DESCRIPTION OF THE TASK >> Some entries follow. Reproduce exactly the lines starting at the one with "A pair of silver" and stopping after the one with "AOLDA Pouch Drink".

GIVEN INFORMATION >>
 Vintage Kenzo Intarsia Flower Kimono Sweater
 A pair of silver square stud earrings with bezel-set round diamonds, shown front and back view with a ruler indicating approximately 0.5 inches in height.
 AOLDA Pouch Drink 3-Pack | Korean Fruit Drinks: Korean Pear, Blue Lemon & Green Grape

---

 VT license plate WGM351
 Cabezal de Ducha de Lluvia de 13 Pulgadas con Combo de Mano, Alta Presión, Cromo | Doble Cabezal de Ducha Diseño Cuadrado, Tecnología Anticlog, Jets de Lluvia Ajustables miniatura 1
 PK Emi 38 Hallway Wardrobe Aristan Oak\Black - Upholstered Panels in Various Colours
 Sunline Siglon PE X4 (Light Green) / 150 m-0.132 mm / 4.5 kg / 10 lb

* * *

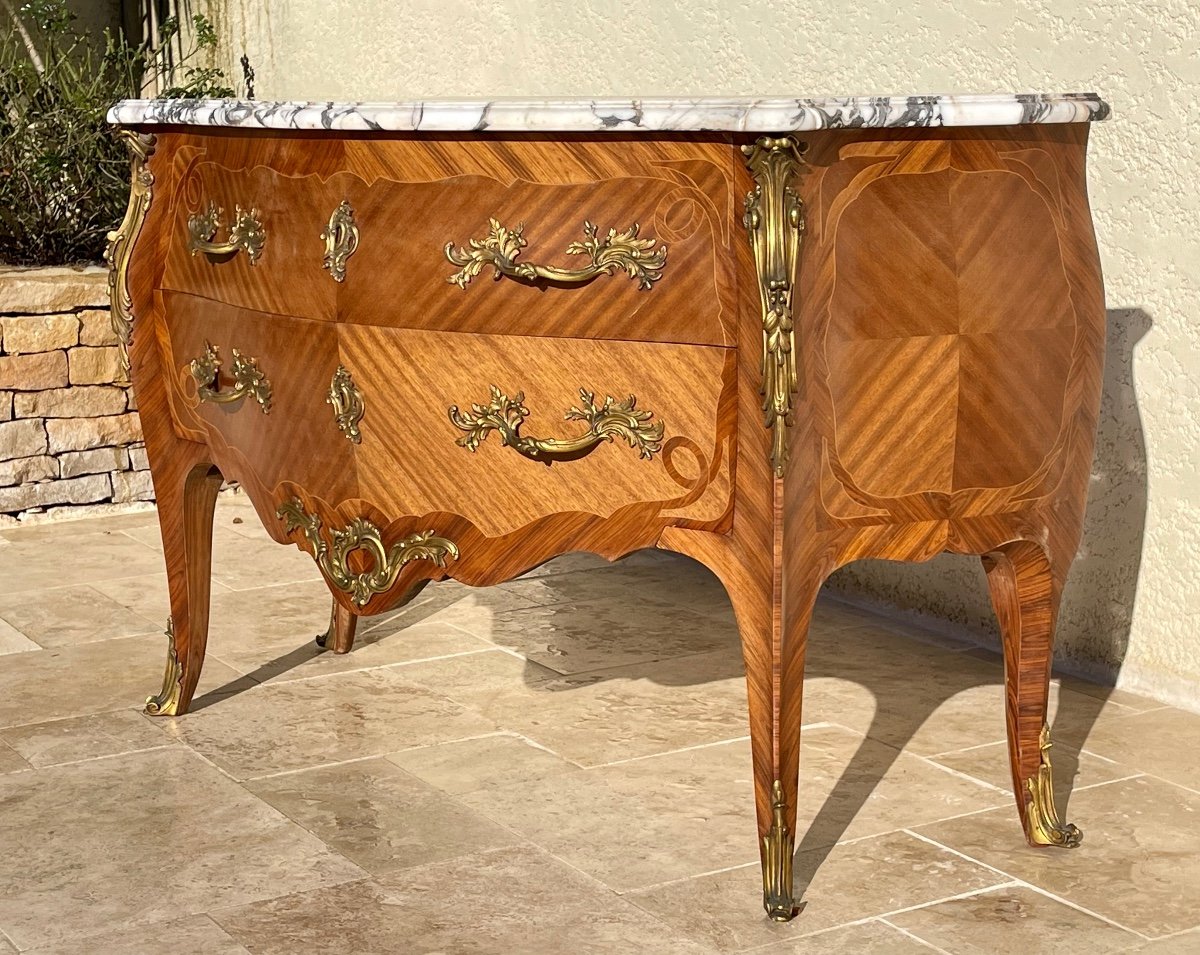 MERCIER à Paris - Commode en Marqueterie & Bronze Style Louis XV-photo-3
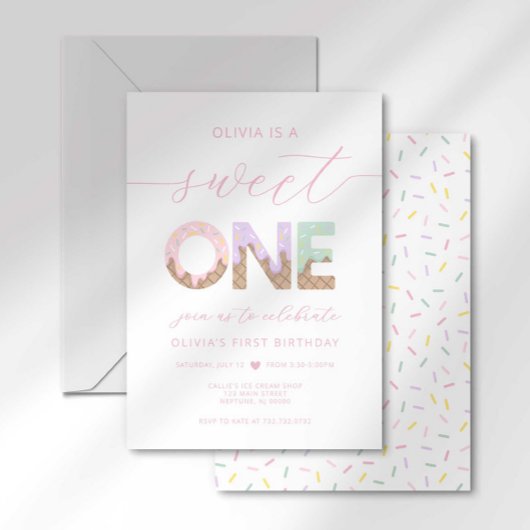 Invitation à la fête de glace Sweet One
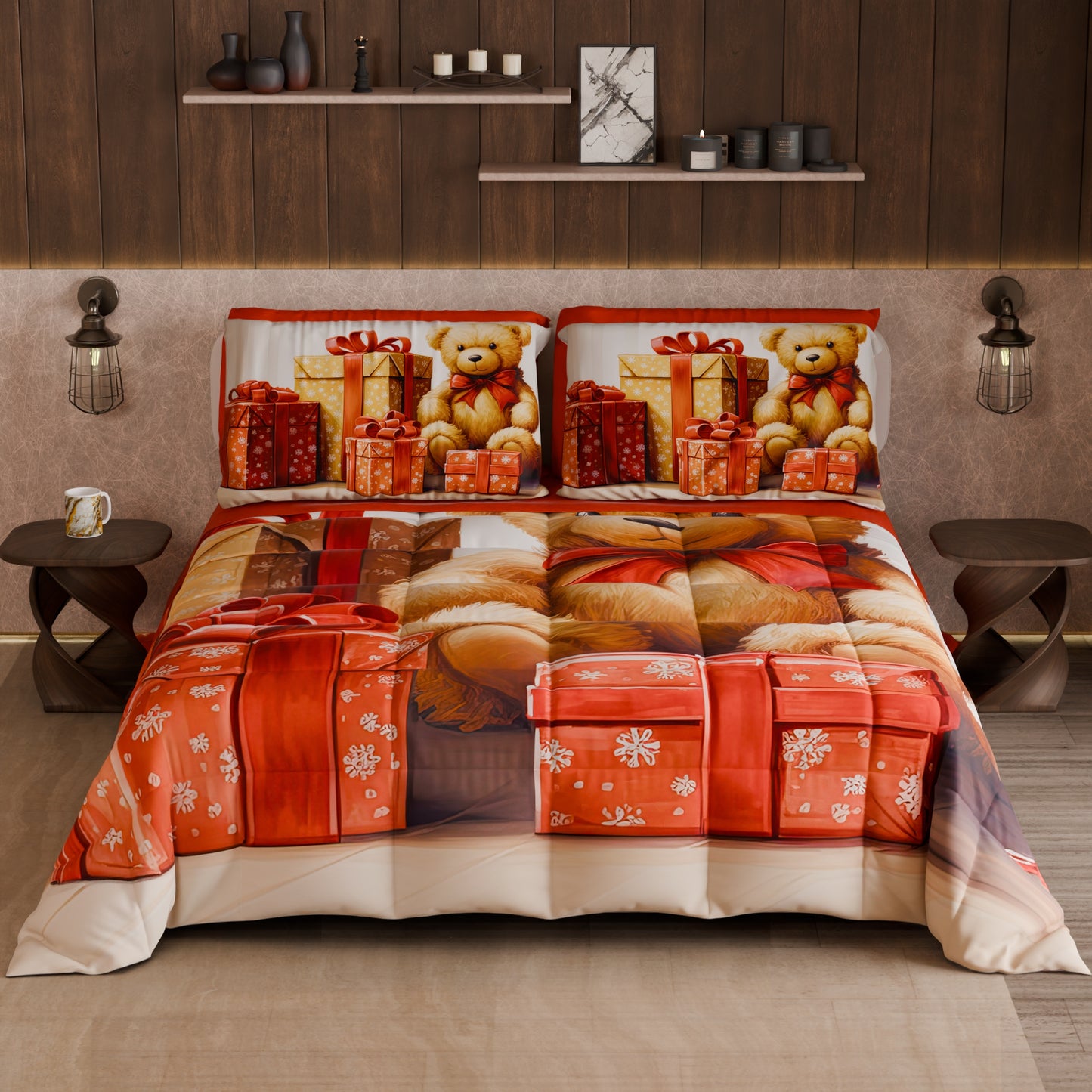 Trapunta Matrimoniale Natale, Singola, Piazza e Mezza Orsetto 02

RESPONSE BELOW >>
 A pair of silver square stud earrings with bezel-set round diamonds, shown front and back view with a ruler indicating approximately 0.5 inches in height.
 AOLDA Pouch Drink 3-Pack | Korean Fruit Drinks: Korean Pear, Blue Lemon & Green Grape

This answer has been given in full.